Industry experts have confirmed that MSI, Gigabyte, ASRock and ASUS have all made multiple proof of concept ATX12VO motherboards. In the case of ASRock, the existence of their ATX12VO Z490 Phantom Gaming 4SR is well documented, and ASUS has their Z490 Prime-S ATX 12VO design.
When it comes to "potentially awkward changes", it is worth remembering that not much has changed with ATX12VO; for the most part, it is the same ATX12V standard that we have had for the past 20 years. The difference is that ATX12VO is 12 Volt Only, removing the need for 5V and 3.3V power on the PSU side.
Later in their article, PC Gamer says the following "Buy a whole new, probably more expensive PSU, as well as a new mobo just for Intel Alder Lake? No thanks." For starters, ATX12VO power supplies are simpler in design than their ATX12V equivalents.

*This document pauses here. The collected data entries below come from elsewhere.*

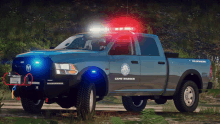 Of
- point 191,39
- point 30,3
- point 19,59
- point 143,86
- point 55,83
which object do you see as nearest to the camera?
point 55,83

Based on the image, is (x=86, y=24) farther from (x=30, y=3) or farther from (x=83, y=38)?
(x=83, y=38)

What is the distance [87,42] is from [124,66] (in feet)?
3.67

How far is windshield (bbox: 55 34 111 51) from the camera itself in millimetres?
10102

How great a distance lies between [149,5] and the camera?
131ft

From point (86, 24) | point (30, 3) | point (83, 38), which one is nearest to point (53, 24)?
point (86, 24)

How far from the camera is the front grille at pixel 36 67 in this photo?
355 inches

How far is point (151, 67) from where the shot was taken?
10.9 m

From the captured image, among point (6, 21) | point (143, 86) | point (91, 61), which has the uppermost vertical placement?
point (6, 21)

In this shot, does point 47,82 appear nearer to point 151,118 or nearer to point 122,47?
point 122,47

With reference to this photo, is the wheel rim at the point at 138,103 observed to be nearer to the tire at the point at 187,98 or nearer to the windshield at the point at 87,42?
the tire at the point at 187,98

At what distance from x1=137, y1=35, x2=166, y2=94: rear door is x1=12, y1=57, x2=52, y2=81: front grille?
255 centimetres

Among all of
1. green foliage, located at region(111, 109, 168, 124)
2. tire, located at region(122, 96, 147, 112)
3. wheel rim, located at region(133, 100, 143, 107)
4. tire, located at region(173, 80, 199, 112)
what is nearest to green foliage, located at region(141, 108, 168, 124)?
green foliage, located at region(111, 109, 168, 124)

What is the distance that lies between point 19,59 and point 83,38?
1870 mm

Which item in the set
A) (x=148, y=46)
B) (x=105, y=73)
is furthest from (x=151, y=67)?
(x=105, y=73) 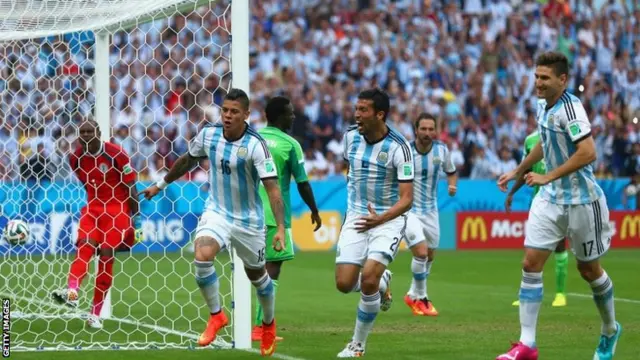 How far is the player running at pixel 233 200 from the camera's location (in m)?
9.38

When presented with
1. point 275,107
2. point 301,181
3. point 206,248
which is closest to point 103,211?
point 275,107

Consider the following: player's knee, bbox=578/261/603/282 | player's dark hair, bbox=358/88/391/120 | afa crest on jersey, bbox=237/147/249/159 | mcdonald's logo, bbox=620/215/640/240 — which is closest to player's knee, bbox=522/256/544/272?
player's knee, bbox=578/261/603/282

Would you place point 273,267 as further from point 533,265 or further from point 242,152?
point 533,265

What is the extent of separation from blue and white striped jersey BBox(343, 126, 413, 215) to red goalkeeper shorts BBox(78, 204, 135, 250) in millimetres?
3258

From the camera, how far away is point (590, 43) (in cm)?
3272

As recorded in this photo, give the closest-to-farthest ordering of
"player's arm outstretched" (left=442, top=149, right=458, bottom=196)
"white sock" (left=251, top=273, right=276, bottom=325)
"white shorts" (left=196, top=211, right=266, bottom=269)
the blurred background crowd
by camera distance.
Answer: "white shorts" (left=196, top=211, right=266, bottom=269), "white sock" (left=251, top=273, right=276, bottom=325), "player's arm outstretched" (left=442, top=149, right=458, bottom=196), the blurred background crowd

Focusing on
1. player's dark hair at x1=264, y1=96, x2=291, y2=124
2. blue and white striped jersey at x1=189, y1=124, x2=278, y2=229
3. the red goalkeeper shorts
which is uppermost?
player's dark hair at x1=264, y1=96, x2=291, y2=124

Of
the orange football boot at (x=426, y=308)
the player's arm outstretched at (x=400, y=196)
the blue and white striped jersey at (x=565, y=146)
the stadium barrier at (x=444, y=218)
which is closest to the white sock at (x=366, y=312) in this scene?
the player's arm outstretched at (x=400, y=196)

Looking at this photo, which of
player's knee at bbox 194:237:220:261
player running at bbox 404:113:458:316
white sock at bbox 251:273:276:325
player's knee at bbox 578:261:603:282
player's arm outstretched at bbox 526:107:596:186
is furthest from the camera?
player running at bbox 404:113:458:316

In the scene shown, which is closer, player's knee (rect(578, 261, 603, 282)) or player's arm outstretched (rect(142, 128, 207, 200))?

The very nature of Intel's ATX12VO is that it only needs 12V power, making it much easier to produce than PSUs that also need to deliver 5V and 3.3V power. ATX12VO PSUs should be cheaper than regular ATX12V PSUs, not more expensive.
ATX12V to ATX12VO is not a move from AC to DC...
The most fundamental flaw with PC Gamer's piece is that it overblows the changes requires to create ATX12VO motherboards and power supplies. PC Gamer says that the power standard "would require a complete rehash of motherboard and component designs" and in the same paragraph claims that "The proposed power standard would deliver just a single rail of 12V direct current through a 10-pin connector—as opposed to the current 24-pin, alternating current standard".
Let's make things clear; all PCs run on DC power. All PC power supplies are AC to DC converters. Had Intel suggested that PC makers convert from an AC standard to a DC standard, it would be right to call ATX12VO a standard that would require a complete rehash of motherboard and component designs", but the fact of the matter is that ATX12V and ATX12VO are both standards that deliver DC power to PCs.
While ATX12VO presents challenges to PC manufacturers, an AC to DC conversion is not one of them...
Why Intel created the ATX12VO standard
The simple way to think of ATX12VO is to say that it is an ATX power supply standard that only features a 12V rail. That's why it is ATX12VO; it's ATX 12 Volt Only!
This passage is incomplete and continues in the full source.